In recent issues of The Energy Strategist, I’ve compared the current cycle in the oil services stocks to that of the late 1990s. The pattern remains consistent despite the occasional bout of volatility; the industry’s fundamentals continue to improve, and I expect these stocks to yield impressive gains in 2010. Readers should regard any dips as an opportunity to buy my favorite names; many had rallied above my buy targets in recent weeks.
Weatherford International (NYSE: WFT) was hit by an analyst downgrade today–downgrades often have more impact in weak markets than strong markets. I reiterate my buy recommendation on the stock. Execution issues and concerns about the firm’s projects in Mexico have weighed on shares in recent months, but these challenges are more than priced into the stock–Weatherford International’s shares are cheap relative to its peers and don’t reflect the company’s superior growth prospects.
Outside the model Portfolio’s services names, Anadarko Petroleum (NYSE: APC), Petrobras (NYSE: PBR) and EOG Resources (NYSE: EOG) are all leveraged to crude oil prices. The latter has a major analyst meeting just a few weeks away that should provide an upside catalyst, a prospect I highlighted in The Explorers. Finally, refiner Valero (NYSE: VLO) is a buy under 20 as a play on improving crack spreads–a short-term trade I outlined in the Feb. 17, 2010, issue A New Dark Age for Refiners.
Also remember that oil and natural gas are not the same markets; investors should not expect the two commodities to march in lockstep.
As I noted in the first issue of 2010, The Crystal Ball, I don’t expect natural gas prices to soar this year because US drilling activity is increasingly focused on natural gas shale plays such as the Haynesville Shale and the Marcellus. The best shale plays in the US are economic even with gas prices between $4 and $5 per million British thermal units.
The best measure of activity in the shale is the US horizontal rig count; producers must use horizontal rigs to drill most of these plays. The horizontal rig count has soared from around 560 at the beginning of this year to over 700–a new record high and more than double last year’s low.

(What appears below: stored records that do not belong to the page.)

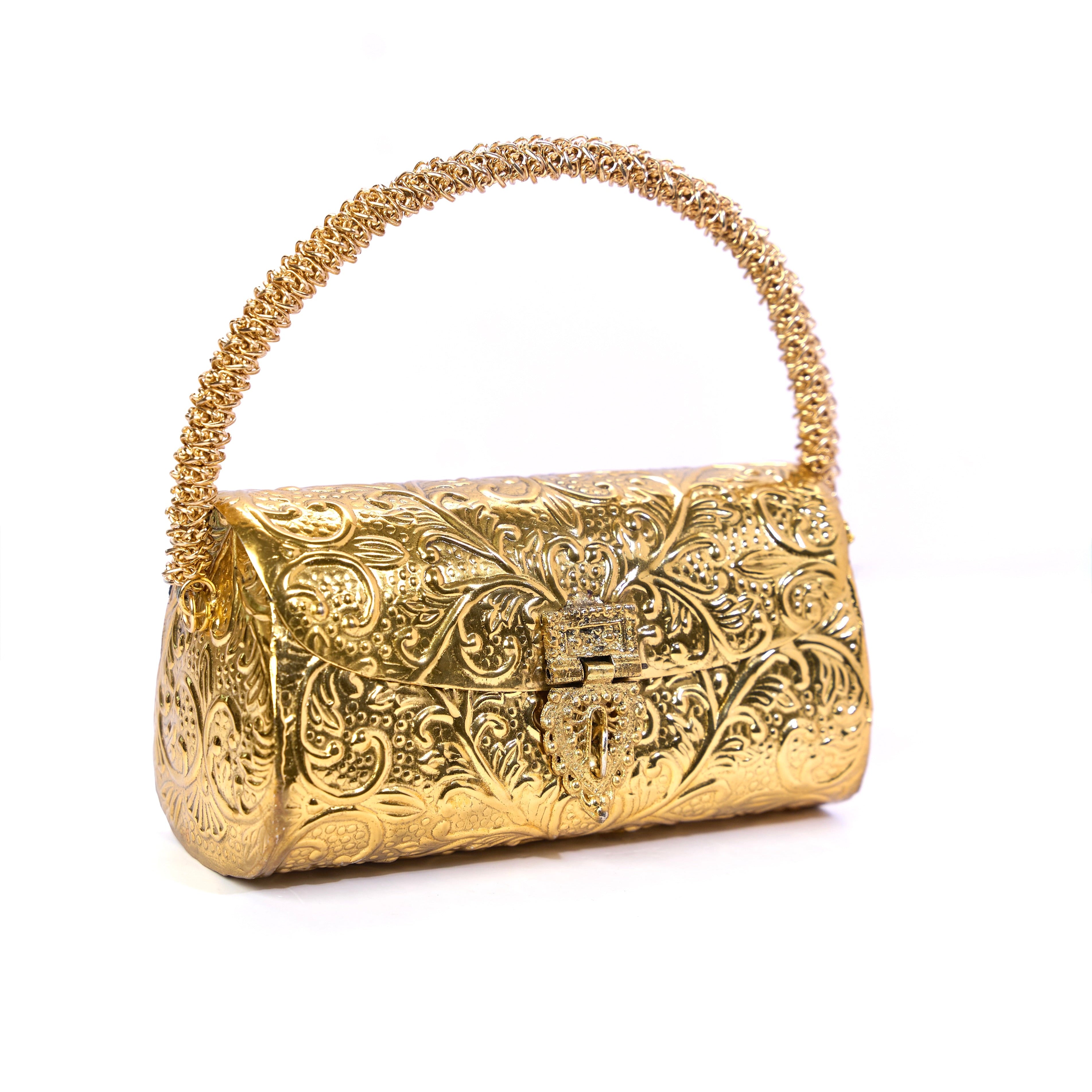 Carved Heritage Golden Clutch Bag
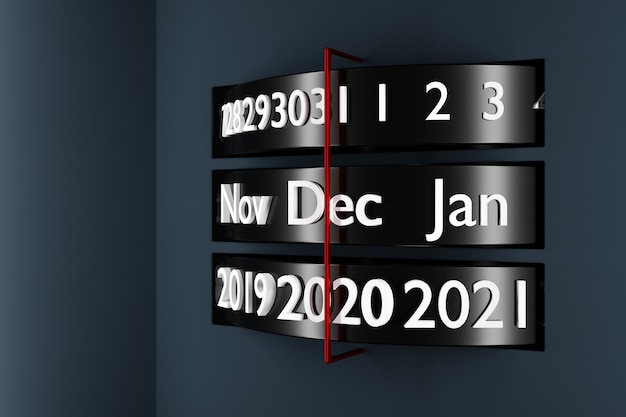 Photo calendrier de bande noire illustration 3d avec 12 mois, 31 jours et 2021 ans sur fond blanc.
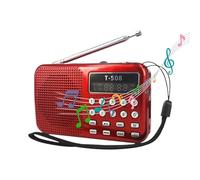 Radio AM/FM portátil - compacto con sintonizador digital AM FM,altavoz con pantalla LED, reproductor MP3, conexión para ordenador y teléfono, sonido claro y potente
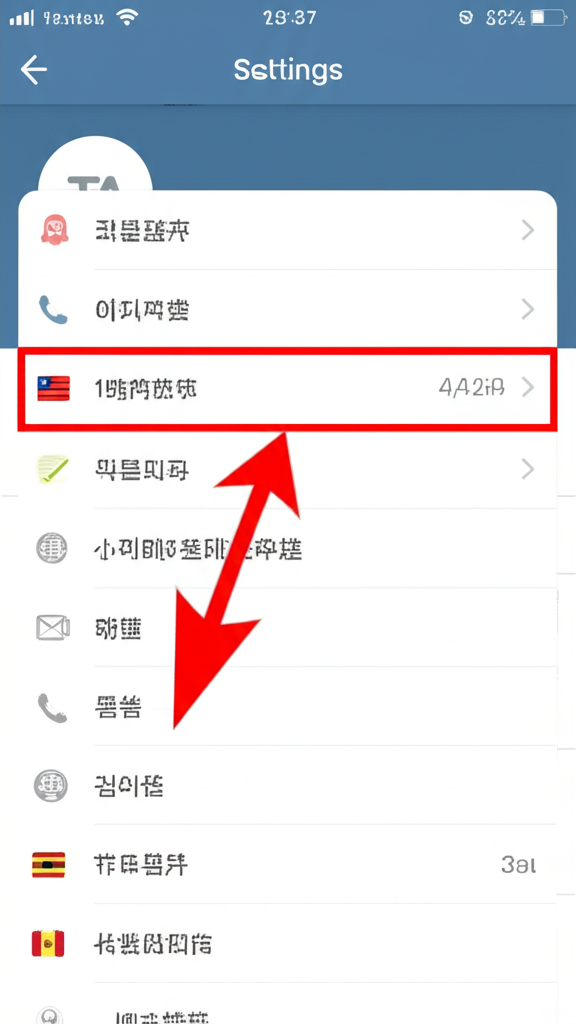 手機螢幕顯示 Telegram 設定畫面，語言選項已高亮標示，可選擇繁體或簡體中文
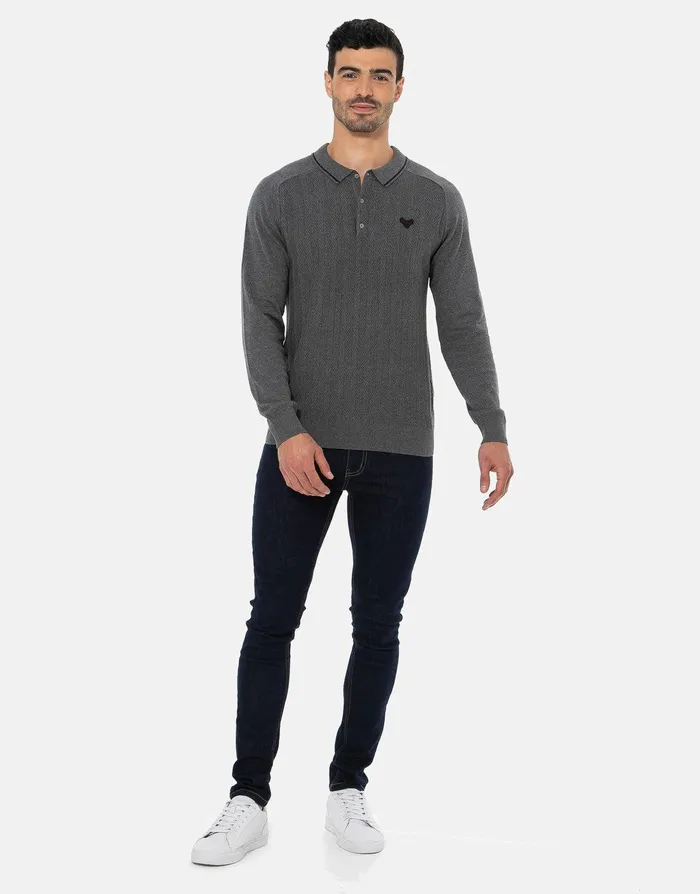 Men Grey Long Sleeve Polo Jumper Grey Threadbare Polo Shirts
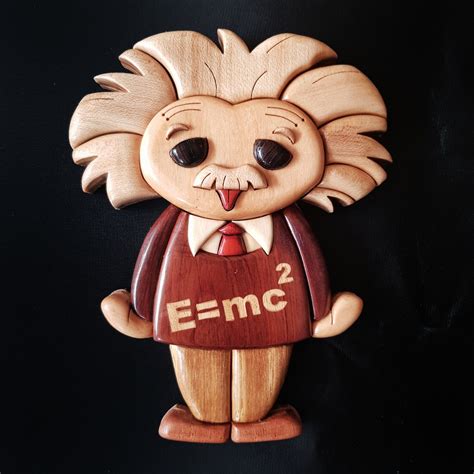 Einstein Figurine Wooden Intarsia Kokeshi Kokeshidoll Etsy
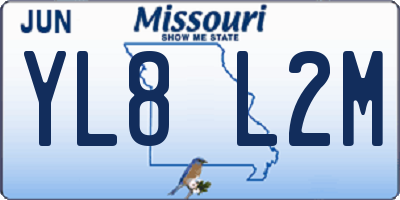 MO license plate YL8L2M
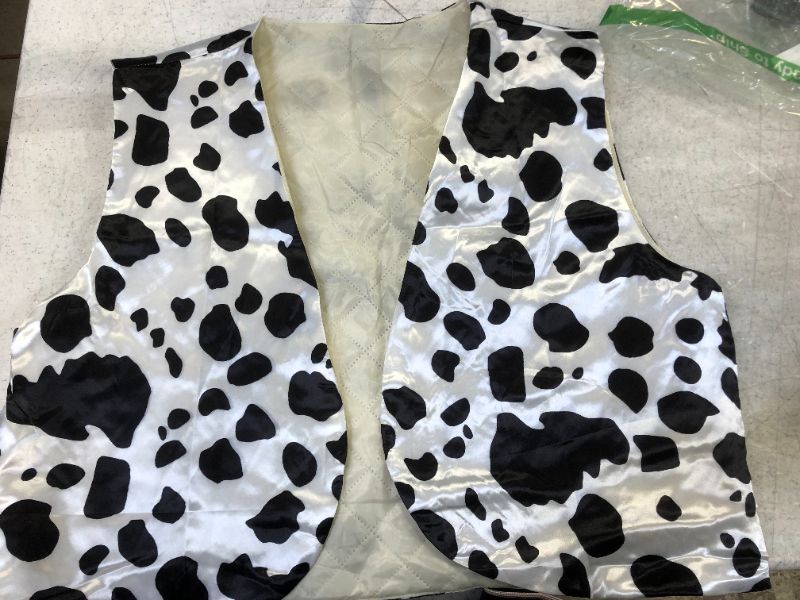 Photo 1 of mens cowboy vest cow themed color black and white size extra large 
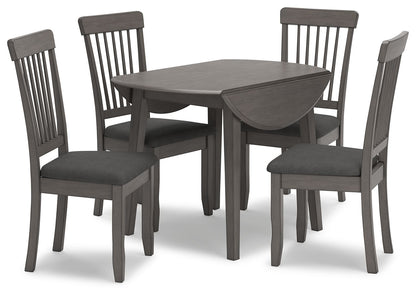 Shullden - Gray - Round Drm Drop Leaf Table - Hornell Furniture Outlet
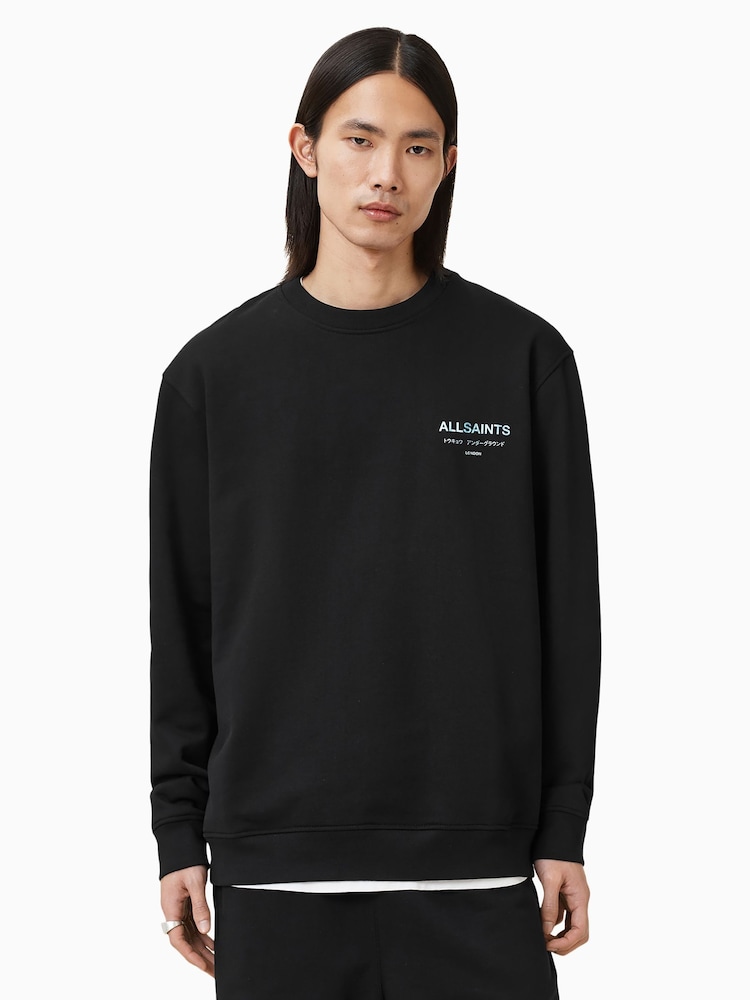 AllSaints Black Underground 100% Organic Cotton Crew Sweatshirt - Image 1 of 7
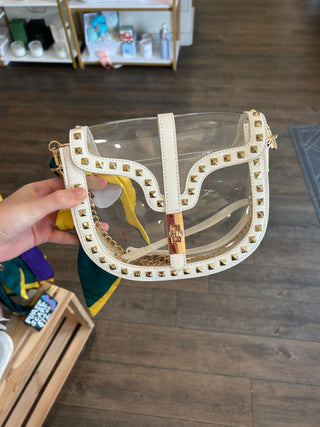 Clear & White Purse with Gold Studs & Chain Strap Crossbody Bag - Chickie Collective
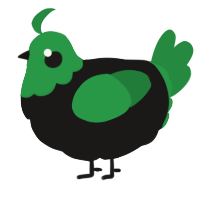 A sable and viridian chicken with a head pattern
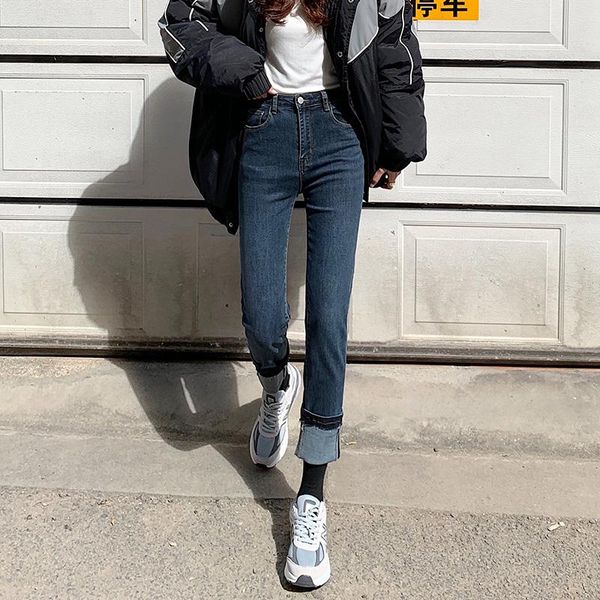 korean style high waist mom jean straight stretch casual jeans rolled hem women slim female denim trousers plus size women's, Blue
korean style high waist mom jean straight stretch casual jeans rolled hem women slim female denim trousers plus size women's, Blue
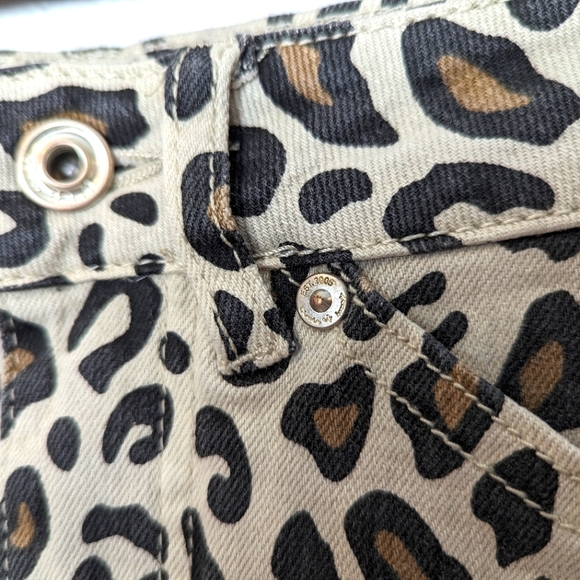 Circle of Trust Leopard Print Mini Skirt Raw Hem Stretchy Brown Tan Cheetah - Picture 12 of 14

Meanwhile, the vertical rig count–a measure of activity in conventional plays–stands at 489, off its lows but still down roughly 50 percent from the highs recorded in 2008.This is clear evidence that the shale plays are the most economic in the US today.
Expect natural gas prices to be volatile over the next couple months because the winter heating season is over and the summer cooling season has yet to begin. Some fear that gas in storage will build quickly and a surge in shale production will swamp any recovery in demand for gas.
Although I expect storage levels to increase at a faster-than-normal pace in the coming months, gas prices around $4 per million British thermal units are unsustainably low. And many commentators ignore several upside catalysts for gas-related stocks, including coal-to-gas switching in electric power generation; the potential passage of legislation that encourages gas use; further consolidation in the gas exploration and production (E&P) industry; rising services costs relating to shale production; and a robust recovery in industrial demand for gas as users substitute cheap gas for expensive oil whenever possible.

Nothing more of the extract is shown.